Ci si rende conto che Emilio Pucci era solo una stampa e che Roberto Cavalli non era solo una stampa. Che ridefinire i canoni di una genialità non ha alcun senso, nemmeno nella sua riattualizzazione.

Emilio Pucci

Emilio Pucci

Ci serve il coraggio di Gino De Dominicis che non ammetteva la documentazione delle sue opere, poiché oggetto creativo del documentarista. La tecnologia e il progresso ci hanno portato – oltre che il razzismo e il concetto di indifferenziato – anche la sua conseguenza, il “tutto è possibile”.

Aperta la via allo spettacolarismo puro e semplice, ogni cosa diventa degna di menzione, apparire fondamentale. L’abito precedentemente costruito evapora in tanti rivoli di “unicità qualunque” e gli illuminati influencer, inventati per sbarcare il lunario, sono privi di qualsiasi competenza sartoriale, figuriamoci poi di quella certa sensibilità sulle significanti sfumature delle palette.

Azzedine Alaïa vs Azzedine Alaïa

L’abito non esiste più, il processo creativo nemmeno. Così si perdono i nomi nuovi, le menti fresche,  lasciandole arroventare in produzioni perverse prive di appeal e spesso persino di mercato. E, con queste, quel senso imprenditoriale che nasce dalla passione e dalla lungimiranza, nonché dalla conoscenza della Storia. Chi vede tra i giovani creatori solamente un modo per ovviare alla pochezza della propria visione dovrebbe fare abbigliamento, non Moda.

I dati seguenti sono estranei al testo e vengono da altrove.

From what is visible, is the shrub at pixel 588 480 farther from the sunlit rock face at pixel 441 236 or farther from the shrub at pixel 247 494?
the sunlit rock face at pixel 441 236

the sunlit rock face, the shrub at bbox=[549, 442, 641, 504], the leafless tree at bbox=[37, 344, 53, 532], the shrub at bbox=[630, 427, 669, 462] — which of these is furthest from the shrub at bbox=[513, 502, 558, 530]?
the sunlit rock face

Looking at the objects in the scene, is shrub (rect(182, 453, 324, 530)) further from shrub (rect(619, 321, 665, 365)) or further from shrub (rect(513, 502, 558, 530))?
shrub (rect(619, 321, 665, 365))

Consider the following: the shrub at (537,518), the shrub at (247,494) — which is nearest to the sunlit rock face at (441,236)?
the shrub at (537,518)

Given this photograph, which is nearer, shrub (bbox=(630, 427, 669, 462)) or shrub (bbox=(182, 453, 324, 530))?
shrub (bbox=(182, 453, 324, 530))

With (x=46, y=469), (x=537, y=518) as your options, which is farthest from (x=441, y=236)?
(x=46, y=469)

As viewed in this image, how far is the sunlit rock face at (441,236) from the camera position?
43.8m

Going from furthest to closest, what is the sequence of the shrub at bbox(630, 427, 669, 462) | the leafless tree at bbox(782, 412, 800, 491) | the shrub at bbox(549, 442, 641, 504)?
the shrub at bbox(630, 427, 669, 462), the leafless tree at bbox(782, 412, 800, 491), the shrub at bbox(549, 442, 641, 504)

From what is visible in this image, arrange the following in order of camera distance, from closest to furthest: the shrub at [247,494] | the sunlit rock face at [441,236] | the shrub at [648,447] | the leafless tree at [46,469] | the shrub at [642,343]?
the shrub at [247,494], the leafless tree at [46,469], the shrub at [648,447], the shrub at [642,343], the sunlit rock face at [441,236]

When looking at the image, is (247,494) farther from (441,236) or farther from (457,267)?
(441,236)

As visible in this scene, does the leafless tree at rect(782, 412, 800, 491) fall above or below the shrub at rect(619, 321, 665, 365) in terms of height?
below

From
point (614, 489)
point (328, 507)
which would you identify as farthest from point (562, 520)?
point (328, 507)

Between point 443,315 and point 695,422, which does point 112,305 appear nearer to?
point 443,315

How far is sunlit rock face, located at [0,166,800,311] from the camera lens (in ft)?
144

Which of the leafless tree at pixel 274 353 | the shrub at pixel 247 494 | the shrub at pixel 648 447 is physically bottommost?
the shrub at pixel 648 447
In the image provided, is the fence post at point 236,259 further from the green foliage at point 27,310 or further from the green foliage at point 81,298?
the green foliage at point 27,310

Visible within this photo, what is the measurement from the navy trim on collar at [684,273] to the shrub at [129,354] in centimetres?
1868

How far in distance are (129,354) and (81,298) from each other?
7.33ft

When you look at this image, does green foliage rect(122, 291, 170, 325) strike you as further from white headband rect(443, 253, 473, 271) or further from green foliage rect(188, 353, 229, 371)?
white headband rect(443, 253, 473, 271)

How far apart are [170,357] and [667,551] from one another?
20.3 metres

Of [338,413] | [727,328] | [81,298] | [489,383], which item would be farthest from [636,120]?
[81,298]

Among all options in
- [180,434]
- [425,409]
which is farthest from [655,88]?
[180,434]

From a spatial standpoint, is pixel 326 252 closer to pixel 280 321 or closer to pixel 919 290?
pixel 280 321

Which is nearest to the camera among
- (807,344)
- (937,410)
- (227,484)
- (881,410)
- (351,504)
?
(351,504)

Lanciare un nuovo nome, una nuova visione, non è solo un investimento ma una conditio sine qua non, perché la Moda rinasca e ritorni ad esprimere un chiaro concetto di futuro, ricollocandosi in quella sfera da cui i bravi manager e una stampa compiacente l’hanno sottratta.

Alessandro Turci speaking

 

Studi in Giurisprudenza all’Università di Torino e interessi tra Moda e Arte Contemporanea. Fashion Designer e Art Director per marchi internazionali, Alessandro Turci fonda a Milano nel 2012 Risekult, Associazione Culturale per l’Arte Contemporanea e pubblica l’Art Book Risekult libro d’eccellenza per collezionisti. Curatore di mostre d’arte, collabora con gallerie e musei. Contributing Editor per L’Officiel Homme e Thesignspeaking con rubriche su Arte e Moda.